The 30-share Sensex reclaimed 80,000 points after four months on Wednesday, as benchmark indices extended their winning run for the seventh consecutive trading session. 

However, there was some turbulence during the day, with the Sensex briefly slipping into negative territory. It rebounded later, recouping all intraday losses, largely driven by a rally in IT shares. The Sensex closed at 80,116.49, up 520.90 points or 0.65%, and the Nifty at 24,328.95, gaining 161.70 points or 0.67%.

Over the seven sessions, realty, auto, metal, consumer discretionary, industrials, and financial services emerged as the top-performing sectors, each gaining over 10%.

“Optimism soared as US President Donald Trump confirmed Federal Reserve chair Jerome Powell’s continuation, and US-China trade talks showed signs of progress,” said Prashanth Tapse, senior vice president (research) at Mehta Equities. He added that broader sentiment remained upbeat amid continued buying by foreign portfolio investors (FPIs) and hopes that India could benefit from the ongoing US-China tariff war.

“The Indian equity market sustained its positive momentum, driven by better-than-expected IT results and optimistic forward-looking commentary. However, profit booking was visible in financials after the recent sharp rally,” said Vinod Nair, head of research at Geojit Financial Services. He further noted that easing US-China trade tensions and a rally in US tech stocks have boosted global market sentiment.

With Wednesday’s gains, the Sensex has surged over 6,200 points (8.5%), while the Nifty has added more than 1,900 points (8.6%) over the last seven sessions.

Outperforming the benchmark indices, broader markets posted sharper gains during the seven-session rally. The BSE Midcap and the BSE Smallcap indices jumped 10.4% and 10.9%, respectively. On Wednesday, they rose 0.94% and 0.26%, respectively.

Investor wealth rose by `3.1 lakh crore on Wednesday, with a cumulative increase of `36.7 lakh crore over the past seven sessions.

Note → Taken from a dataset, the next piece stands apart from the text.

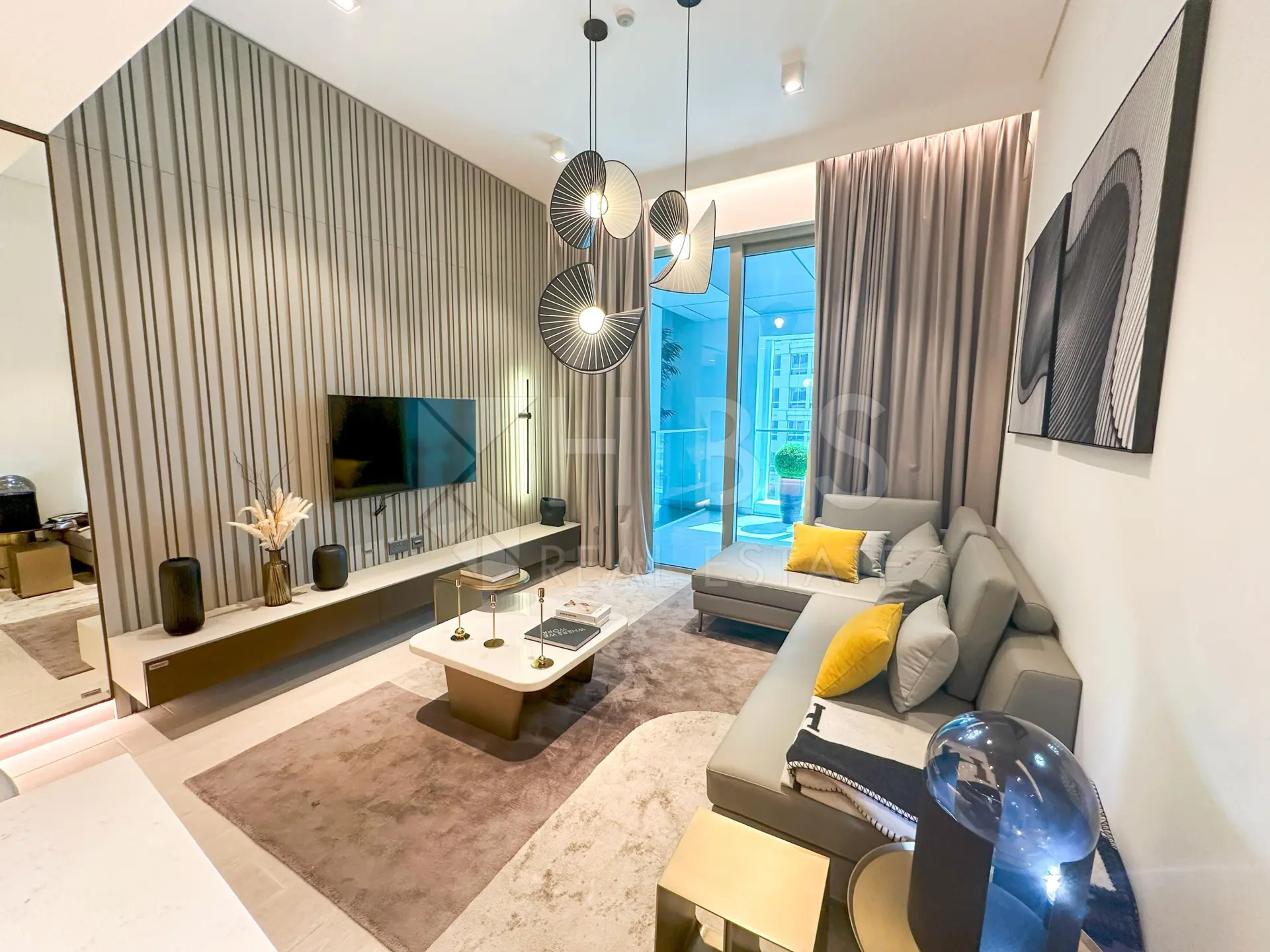 STUDIO SPACIEUX | EMPLACEMENT DE CHOIX | MEILLEUR AGENCEMENT – Appartement Dubai (3/8)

During this period, FPIs — the key drivers of the rally — purchased shares worth $2.3 billion (Rs 19,837 crore), while domestic institutional investors (DIIs) sold shares worth Rs 4,585 crore. On Wednesday, FPIs were net buyers to the tune of Rs 3,332.93 crore, whereas DIIs were net sellers, offloading shares worth Rs 1,234.46 crore, according to provisional BSE data.

The IT sector was the top performer on Wednesday, posting a 4% gain, followed by TECK, auto, realty, and capital goods, which rose up to 3.10%. In contrast, banking, consumer durables, and financial services were the top laggards, declining up to 0.94%.

Among Nifty 50 stocks, IndusInd Bank, Jio Financial Services, HCL Technologies, Trent, and M&M were the top gainers, advancing up to 16.9% during the seven-day rally.